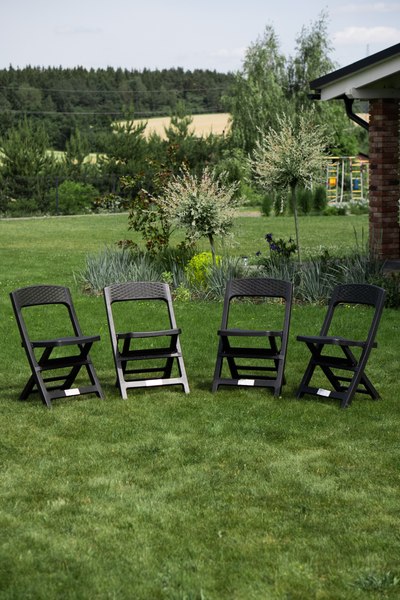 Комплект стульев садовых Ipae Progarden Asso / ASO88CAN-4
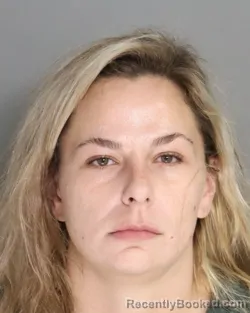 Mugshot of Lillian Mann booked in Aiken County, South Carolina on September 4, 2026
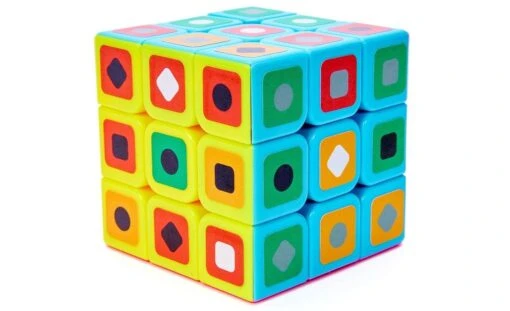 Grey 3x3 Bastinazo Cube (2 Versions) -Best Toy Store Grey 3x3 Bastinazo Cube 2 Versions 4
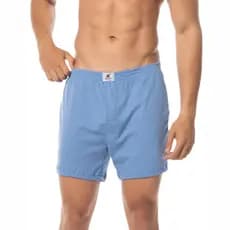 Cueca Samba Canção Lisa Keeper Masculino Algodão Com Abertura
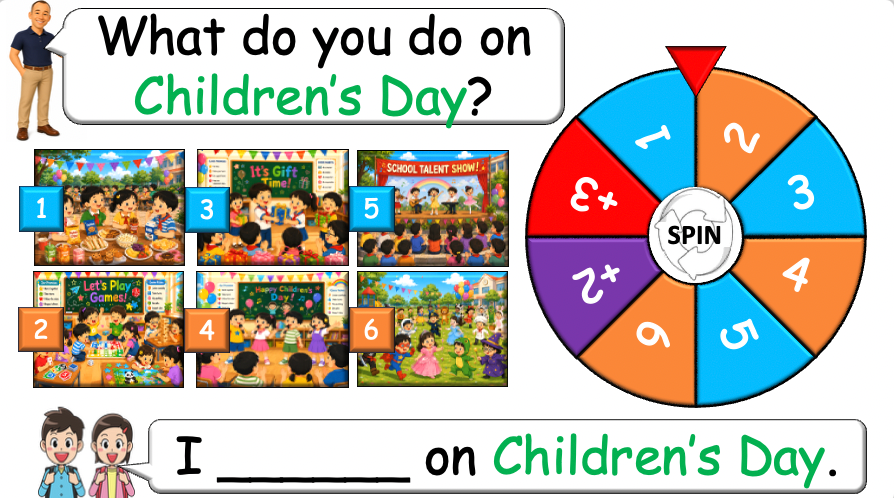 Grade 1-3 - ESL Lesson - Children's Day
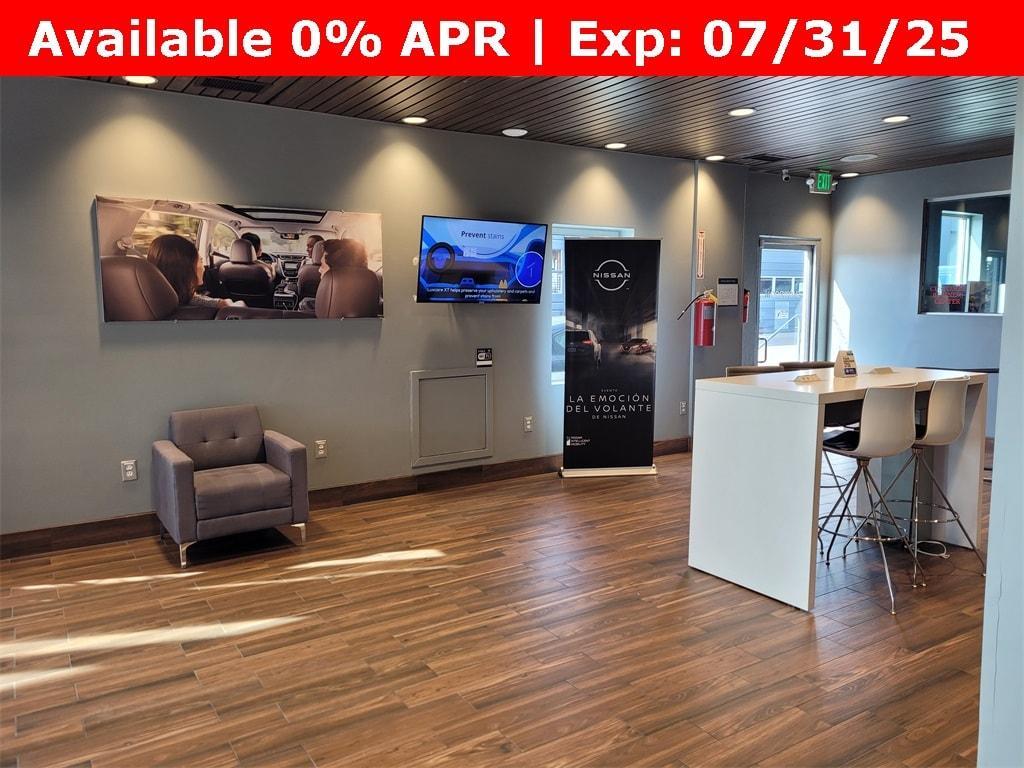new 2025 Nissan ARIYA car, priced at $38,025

══════

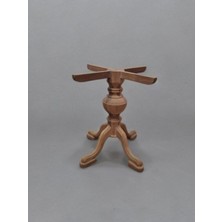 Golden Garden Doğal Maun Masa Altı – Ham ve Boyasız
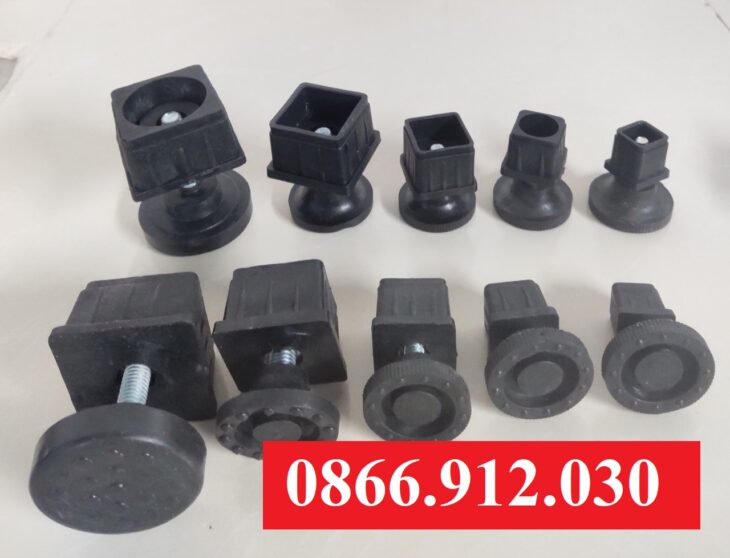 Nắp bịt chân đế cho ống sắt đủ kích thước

══════

▶ **Work to be completed**:
Would you transcribe the lines above exactly, going from the line bearing "Mugshot of Lillian" through the line bearing "new 2025 Nissan ARIYA car, priced at $38,025", and drop the pictures from the copy?

▶ **Solution to the problem**:
 Mugshot of Lillian Mann booked in Aiken County, South Carolina on September 4, 2026
 Grey 3x3 Bastinazo Cube (2 Versions) -Best Toy Store Grey 3x3 Bastinazo Cube 2 Versions 4
 Cueca Samba Canção Lisa Keeper Masculino Algodão Com Abertura
 Grade 1-3 - ESL Lesson - Children's Day
new 2025 Nissan ARIYA car, priced at $38,025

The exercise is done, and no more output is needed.